◆ **Data excerpt**:
========

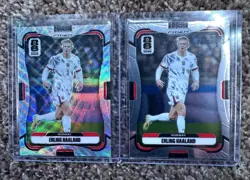 2026 Panini Prizm FIFA World Cup Erling Haaland Silver Wave Prizm + Base Lot - Image 1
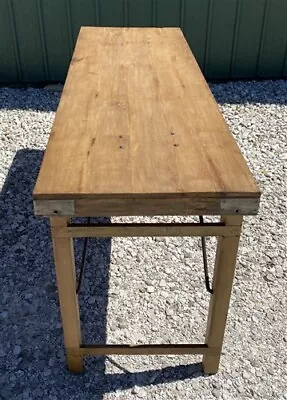 Rustic Folding Table Vintage Dining Room Table Kitchen Island Sofa Table B58 • $695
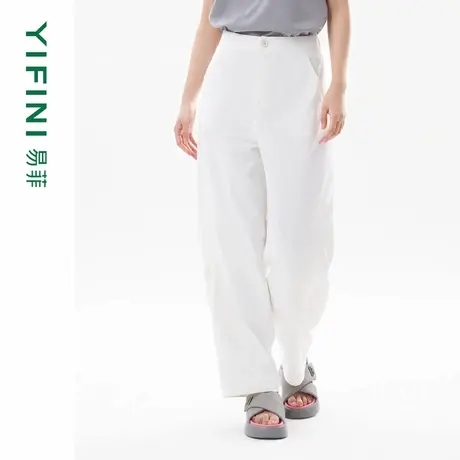 [专柜同款]Yinifi/易菲工装风休闲白色长裤夏装新款直筒裤商品大图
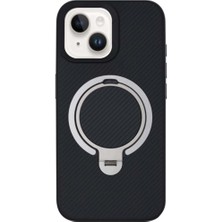 Brabus iPhone 13 / 14 Uyumlu 360 Derece Standlı Magsafe Carbon Fiber Korumalı Urban Silikon Kılıf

========

◆ **Activity**: Only the pictures are dropped. Otherwise, write out the listing exactly.

◆ **Reply**:
 2026 Panini Prizm FIFA World Cup Erling Haaland Silver Wave Prizm + Base Lot - Image 1
 Rustic Folding Table Vintage Dining Room Table Kitchen Island Sofa Table B58 • $695
 [专柜同款]Yinifi/易菲工装风休闲白色长裤夏装新款直筒裤商品大图
 Brabus iPhone 13 / 14 Uyumlu 360 Derece Standlı Magsafe Carbon Fiber Korumalı Urban Silikon Kılıf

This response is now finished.